Дисциплина всё-таки победила некоторое чувство неожиданности и прострации, которое завладело умами офицеров в первые минуты речи Маннергейма. Большинство не знало, что и думать. Но приказ — это приказ. Раз необходимо удержать город в спокойствии и устранить даже опасность беспорядков — это должно быть выполнено…
Александр Васильевич смотрел с капитанского мостика на неспокойное Чёрное море, воды которого прорезали корабли флота. Все — как будто идут на последний в жизни бой. Среди команд повисло молчание, даже кочегары не поругивали потихоньку, что раньше делали по поводу и без. Борта дредноутов, миноносцев, эсминцы вспенивали тёмную воду, поддававшуюся напору металла и человека, покорявшуюся морякам.
Колчак вывел всю севастопольскую эскадру в море утром двадцать третьего февраля, предварительно отдав приказание ввести цензуру телеграфных сообщений: все сведения о том, что в столице беспорядки, следовало не "пускать" в город, а передавать Александру Васильевичу. Кирилл Романов оказался прав: в столице действительно начались демонстрации и массовые волнения. К счастью, ни один из моряков или солдат на базе флоте не знал. Во всяком случае, пока.
Колчак вернулся в свою каюту и посмотрел на фотографию Анны Васильевны. Он очень надеялся, что буря обойдёт стороной его любимую.
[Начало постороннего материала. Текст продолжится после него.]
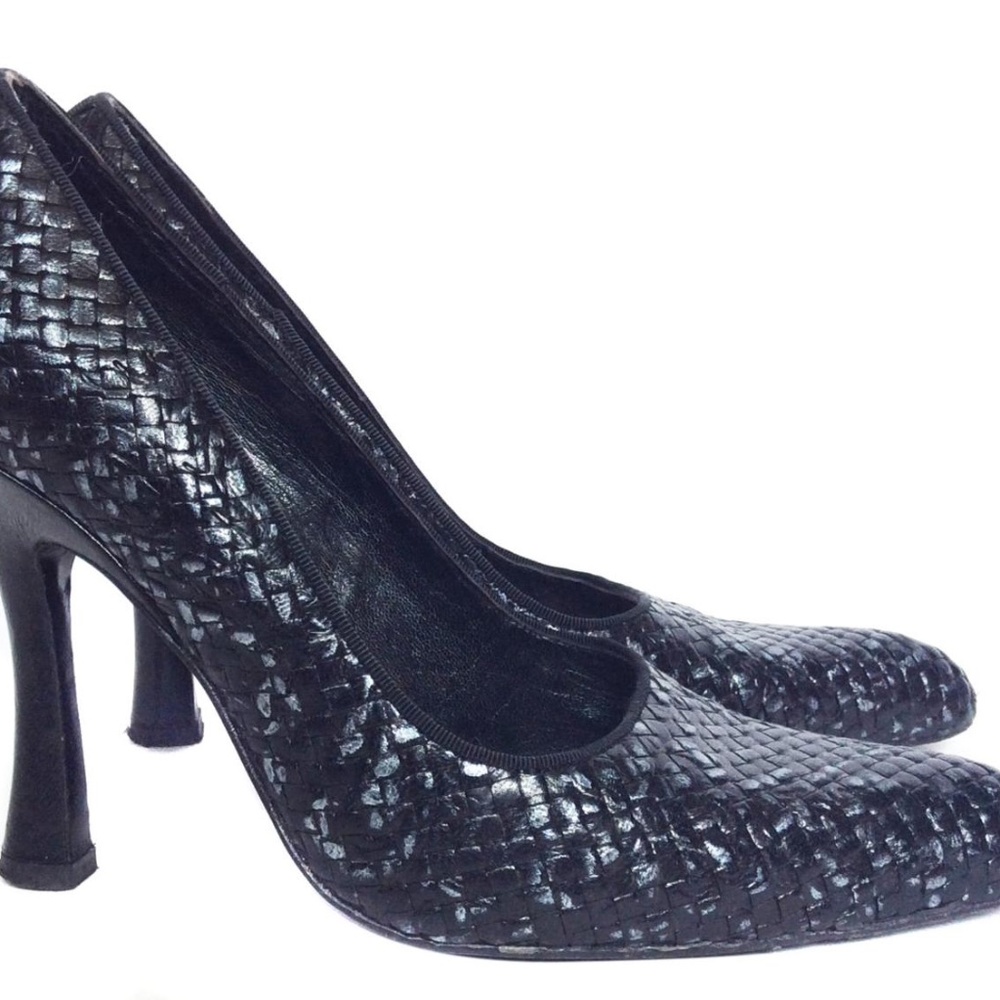 Vintage Stephane Kelian Black Leather Woven Shoes
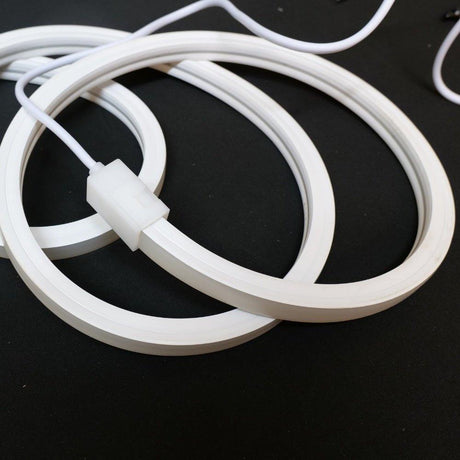 Cool White Neon Flex 6000K 16x16mm 220V 240V Top Bend IP65 10cm Cut with UK Plug - UK LED Lights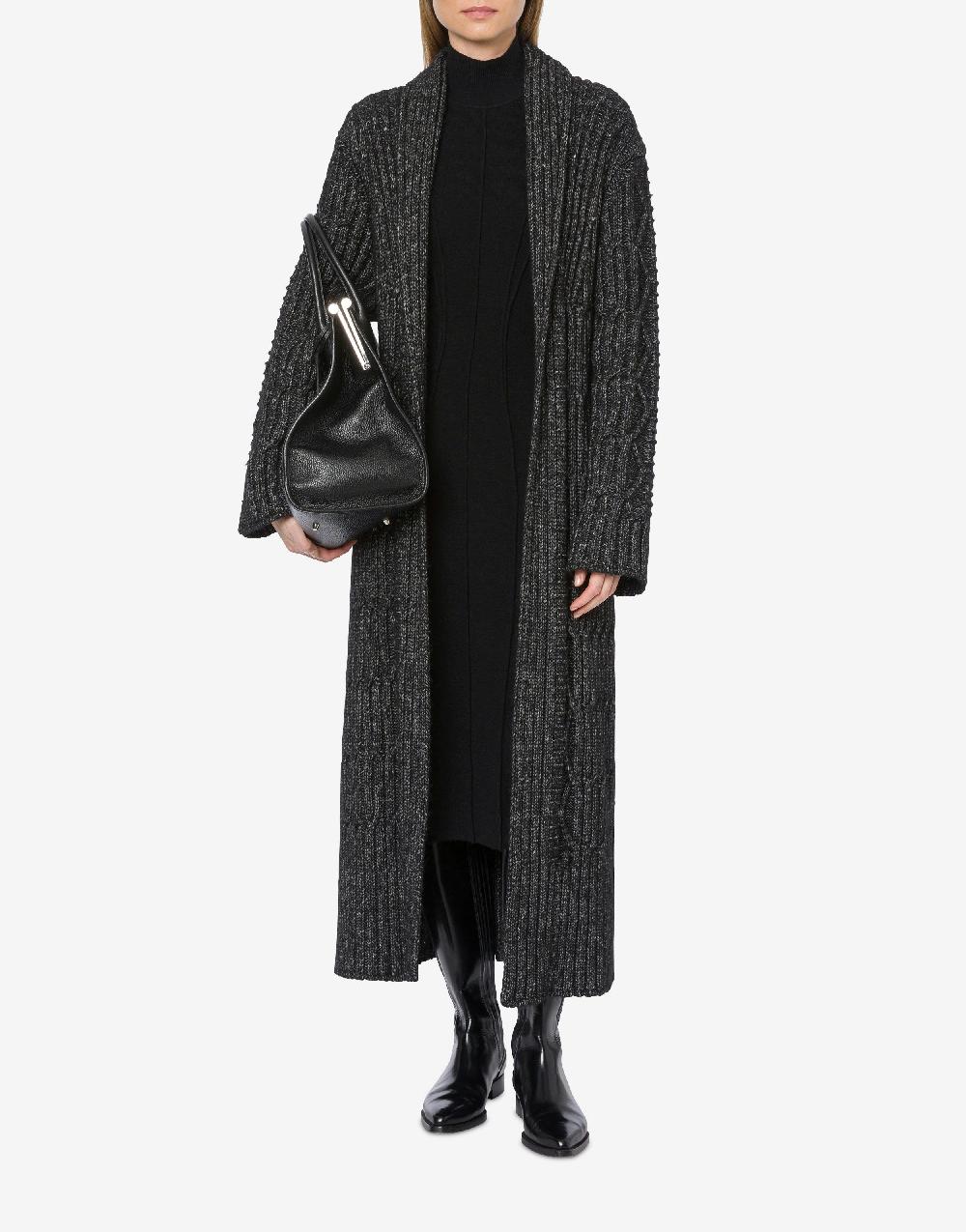 Alberta Ferretti Cardigan lungo in fettuccia lana cotone Sottocosto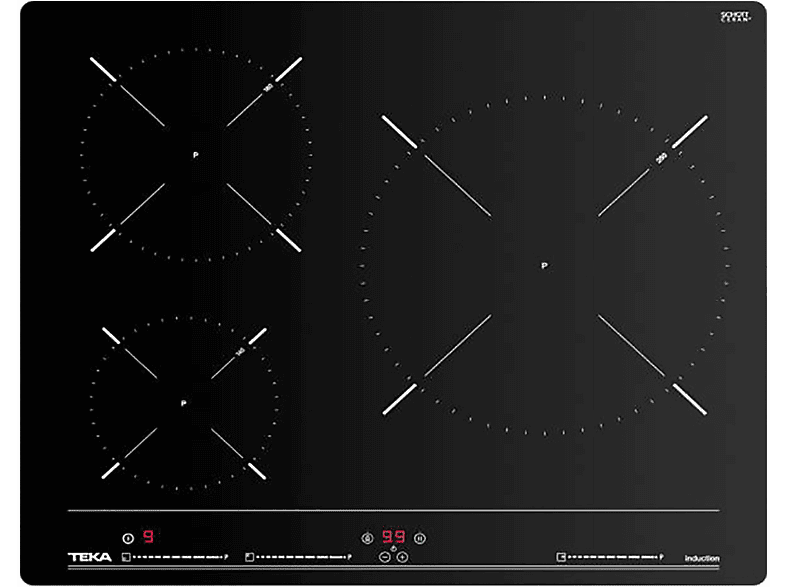 Placa Teka Ibc63bf100 Induccion 3 Fuegos 60cms Cristal Negro Sin Marco Fuego  De 30 Cm Touch Control 112520031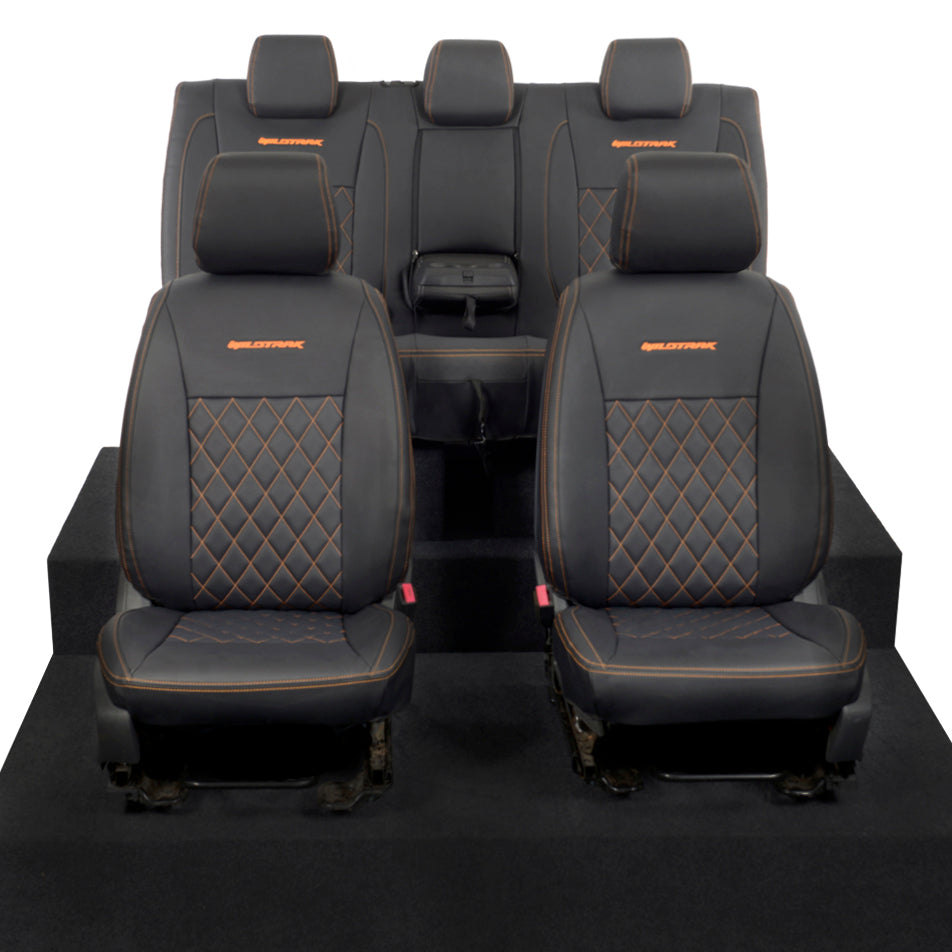 Ford Ranger Wildtrak Leatherette Front & Rear Seat Covers with 'Wildtrak' Embroidery (2016-2023)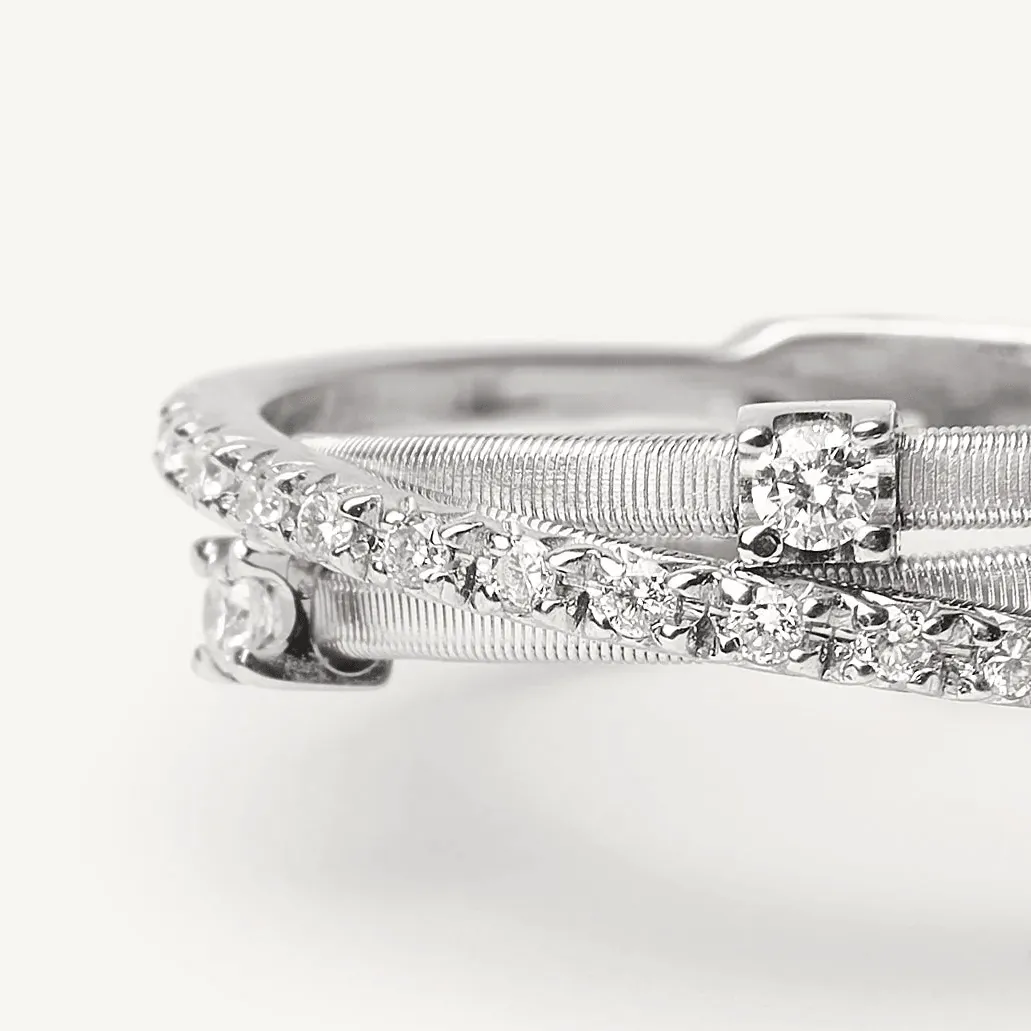 Marco Bicego Goa 18k White Gold Diamond Ring 3 Strand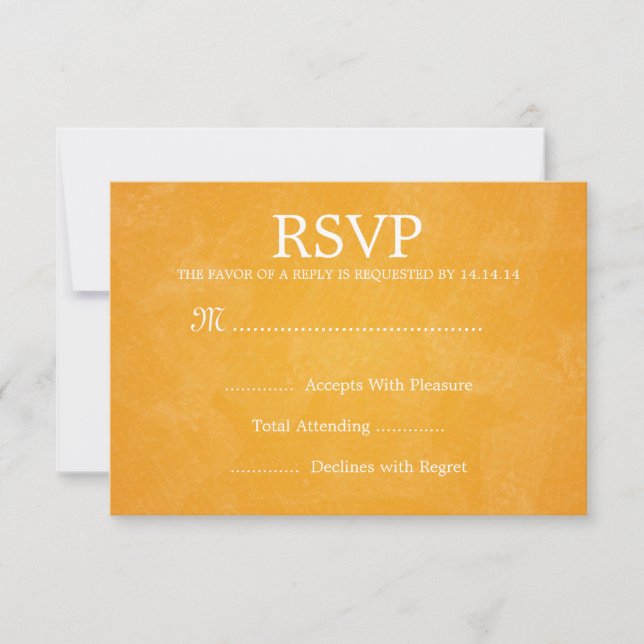 Elegante Boda RSVP Romántico Naranja de París (Anverso)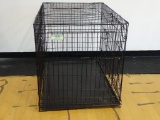 VERY LARGE DOG CRATE. HAS A FEW RUSTS SPOTS. 42.5IN L X 28.5IN W X 30IN H. ITEM IS SOLD AS IS WHERE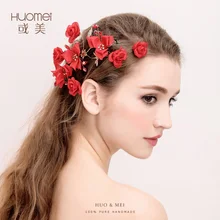 Moda artesanal Flor Vermelha Pérolas Hairwear Mulheres Cocar Cabeça Hairbands Jóias Da Coroa Acessórios de Cabelo Noiva Guirlanda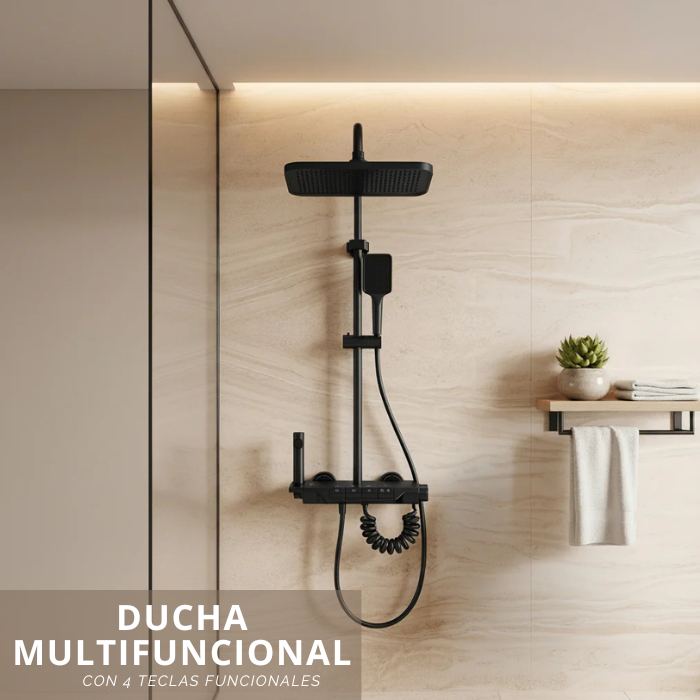 DUCHAS MULTI. MODERNA MAD 4 TECLAS C/ROCIADOR Y LED NEGRO - 2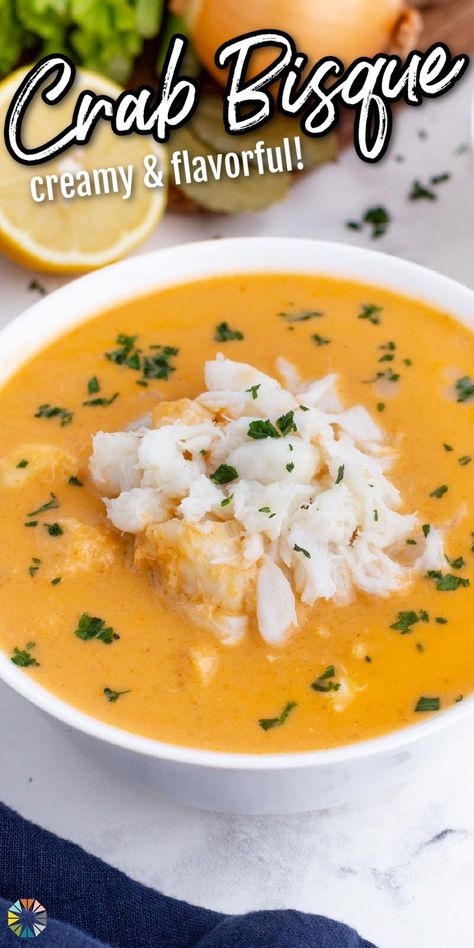 Crab And Shrimp Seafood Bisque, Crab Bisque Recipe, Crab Soup Recipes, Bisque Soup Recipes, Canned Crab Meat, Lump Crab Meat, Bisque Soup, Crab Bisque, Seafood Bisque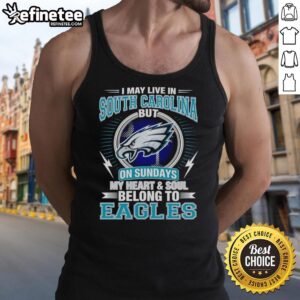 Pretty Philadelphia Eagles tank top with 'My heart and soul belong to Eagles' text, perfect for fans in South Carolina.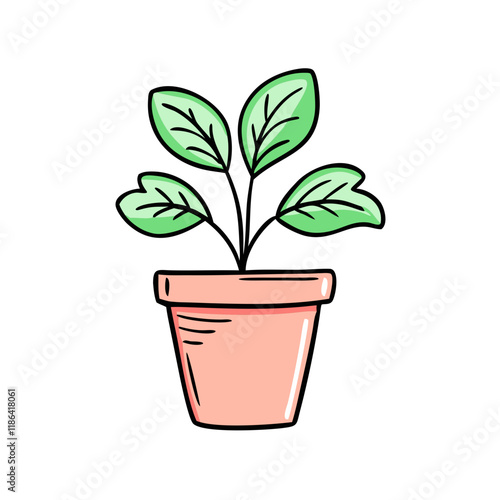 potted plant vector icon, spring vector illustration - simple illustration of potted plant perfect for logos, and spring -themed designs. photo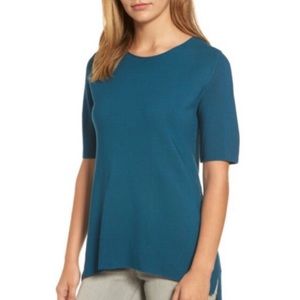 Eileen Fisher Tencel Lyocell Viscose Teal Short Sleeve Knit Top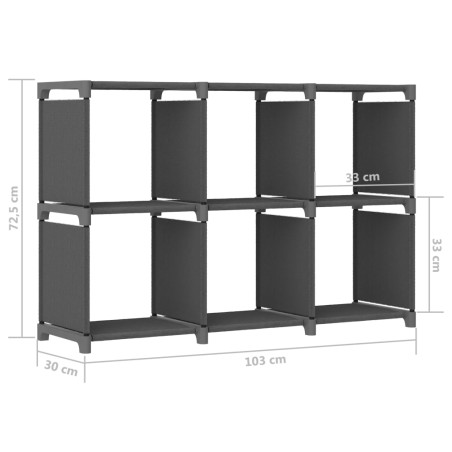 Mensola con 6 Vani a Cubo Grigia 103x30x72,5 cm in Tessuto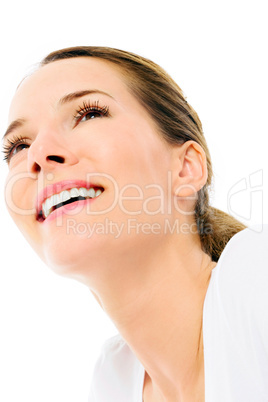 portrait of a young woman on white background studio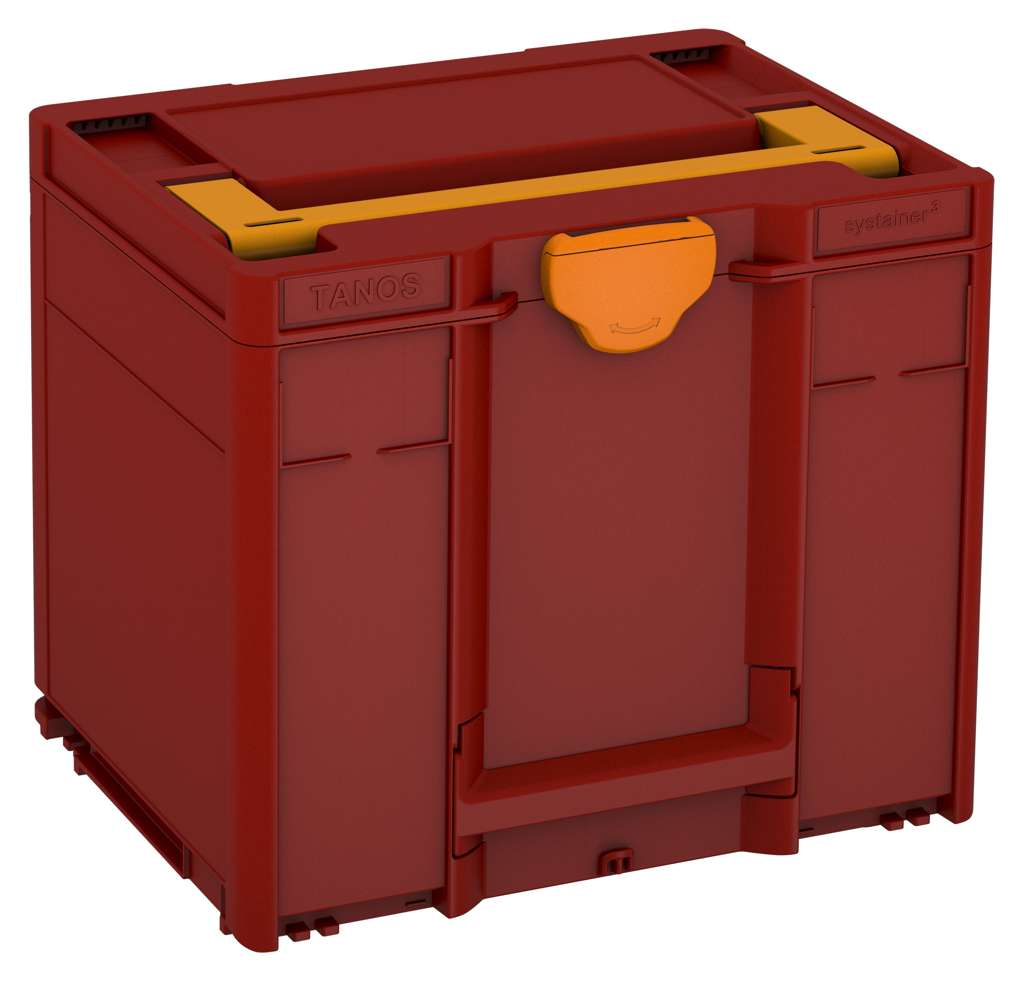 Systainer³ M 337, Carmine Red with Daffodil Yellow lid handle and Deep Orange catches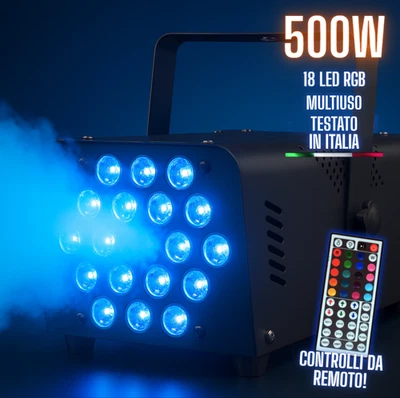 Macchina del Fumo GVT Portatile 500W 18 LED RGB Telecomando Discoteca o Festa - Immagine 1 di 4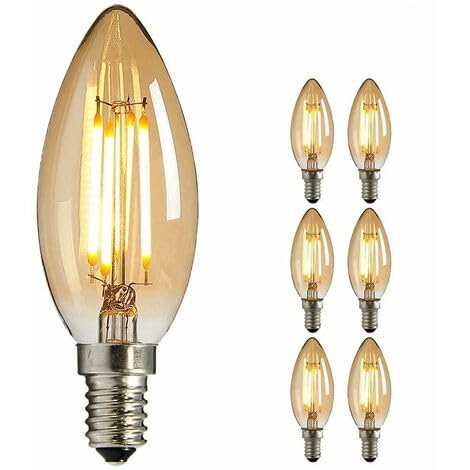 AHUJA INTERNATIONAL Vintage LED Light Candle Bulb E14 Base Warm White 4W amber (Pack of 6)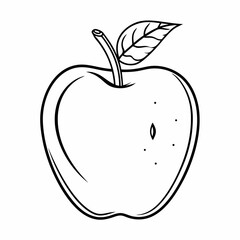 Red apple vector illustration with leaf fresh ripe healthy fruit icon design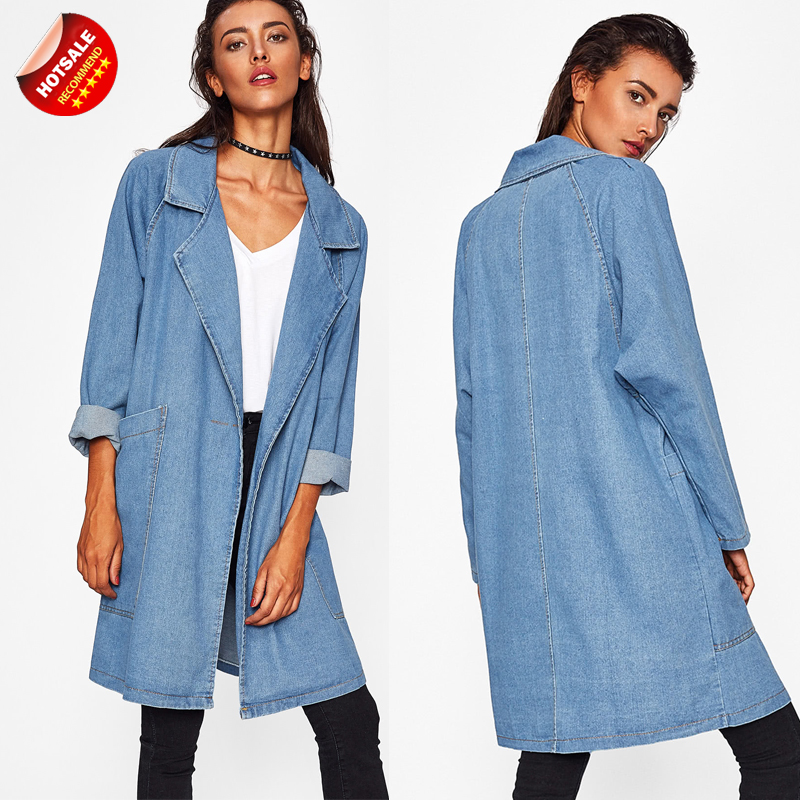 Plus size women loose denim jacket large pocket lapel coat|msdalam kategori Butik wanita / wanita, wanita saiz besar - dari Buy2taobao.com untuk memberikan perkhidmatan ejen Taobao profesional membeli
Александр не хотел верить, что он — так далеко, что он не может обнять и защитить Анну от всех опасностей, что он не в силах ничего сделать. Он только верил, что в ту минуту делал всё, что требовалось для удержания флота от беспорядков и благополучия страны. А если Колчак сделает это здесь, на Чёрном море, то кто-нибудь оградит и Анну там, на Балтике.
Вернувшись на мостик, Александр Васильевич приказал передать всем кораблям приказ:
— Идти вперёд так, словно перед вами — весь германский и турецкий флот, все ваши личные враги, собравшиеся для издевательства над вами. Докажите Богу и командующему, что вами можно гордиться!